Authors :
Presenting Author: Amy Tennant, APRN – Ann & Robert H. Lurie Children's Hospital of Chicago
Stefanie McCormack, MSHC, CCRP – Ann & Robert H. Lurie Children's Hospital of Chicago; Alexa King, MD – Northwestern University Feinberg School of Medicine; Yara Mikhaeil-Demo, MD – Northwestern University Feinberg School of Medicine; Linda Laux, MD – Ann & Robert H. Lurie Children's Hospital of Chicago; David Bieber, MD – Ann & Robert H. Lurie Children's Hospital of Chicago
Rationale:
The transition from pediatric to adult care is a growing area, as more children with disorders previously considered fatal in childhood are surviving into adulthood (Perrin et al., 2007), with growing attention brought to this topic (American Academy of et al., 2011; American Academy of et al., 2002; Brown et al., 2016). We present our experience establishing a transition program based on readily available resources.
Methods:
With the aid of grant funding from the Child Neurology Foundation, Northwestern Hospital and Lurie Children’s Hospital developed a transition program over one year, integrating Got Transition's Core Elements (Got Transition, 2014). The EpiTRAQ readiness assessment questionnaire was adapted from The University of Michigan and incorporated into our electronic medical record (EMR). Patients 14 years and older with an upcoming visit were sent the EpiTRAQ electronically. A brief survey was sent to epilepsy providers for feedback on the EpiTRAQ. For the warm handoff, patients 18 years and older and of normal cognition were selected for a telemedicine visit with their established pediatric and new adult neurology providers.
Results:
Seventy six EpiTRAQ questionnaires were assigned, with overall completion rate of 50%. The majority were done on day of the visit (56%).
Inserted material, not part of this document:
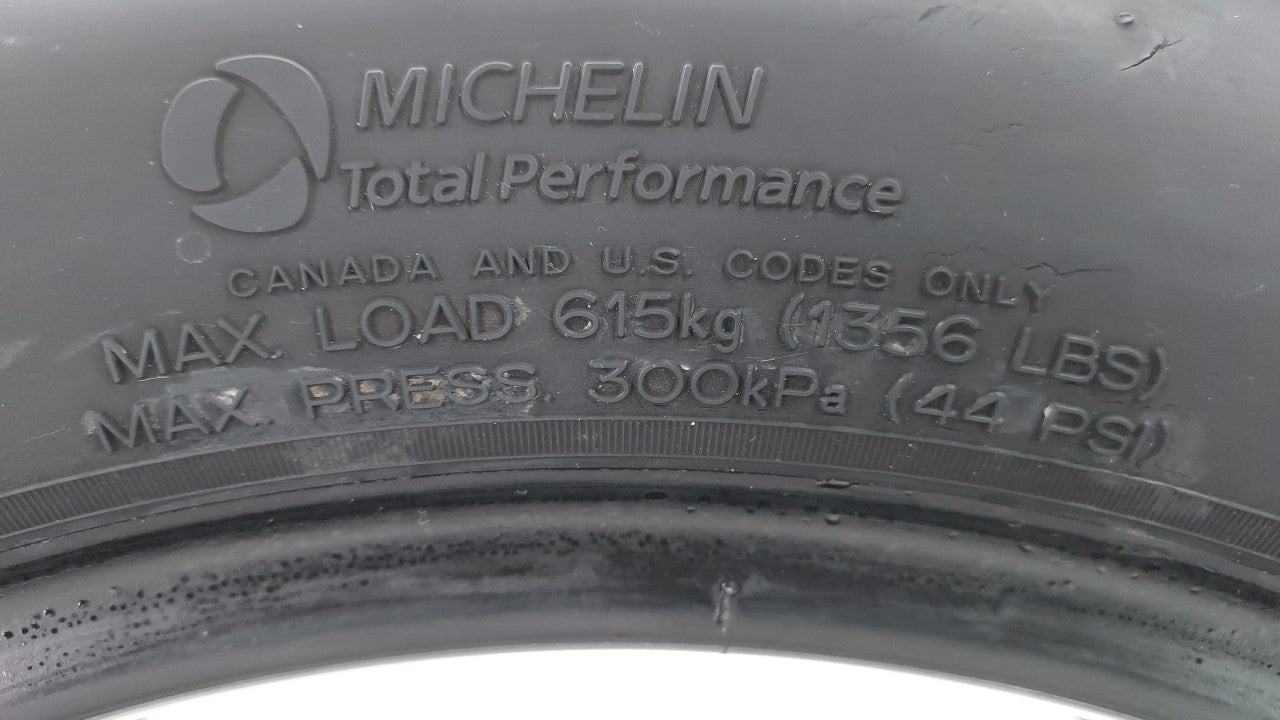 Used Tire 205/55R16 MICHELIN DEFENDER T+H 91H All Season - Tread Depth 7/32 - Oemusedautoparts1.com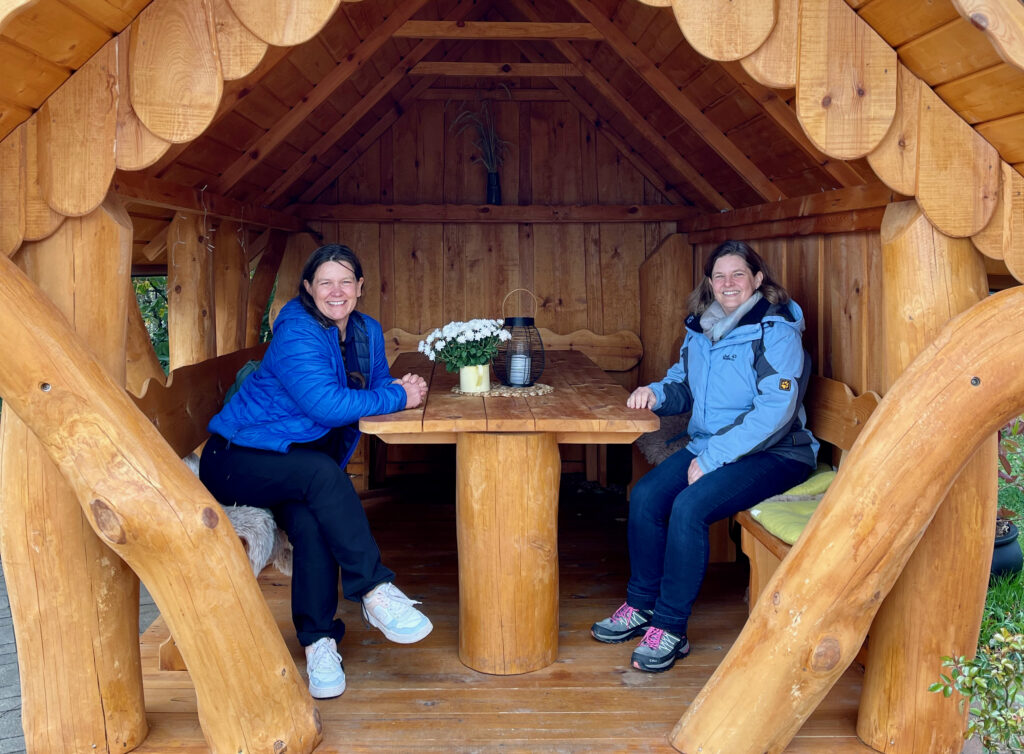 Nina Cremer und ich in einer Huette auf der Graf Stolberg Huette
Amongst English-speaking patients, completion rates were 60%, compared to only 18% of Spanish-speaking patients. Providers were polled two months after the EpiTRAQ go live date, to evaluate if they felt there was an effect on increased discussion about transition during patient visits: 44.4% said yes, 44.4% said no and 11.1% were unsure; with a 75% response rate. There were two warm hand-off visits, each with a three month patient post-visit survey with high satisfaction scores.
Conclusions:
We present the implementation of a transition program using available evidence-based assessment tools and recommended components from medical society consensus statements. Incorporating the EpiTRAQ into the EMR was a success, with aid from the University of Michigan. It provided an automated and reliable assessment of youth readiness for transition. It appeared to spark discussion about the transition to adult care during patient visits. The low number of completed warm hand-off visits reveals areas of ongoing challenge, as previously reported (Camfield et al., 2012; Carrizosa et al., 2014; Fantaneanu et al., 2020). Though not formally tested, the primary barrier was difficulty in care coordination, requiring a dedicated full-time coordinator. The warm hand-off visit was a key component of the transition program, as it allows youth a space to meet their future provider, ask questions and clarify the next steps, which our patients and their families appreciate.
Despite some success with available transition tools, our center's experience echoed the need for a more sustainable framework to address the many barriers medical systems face when creating a successful transition program.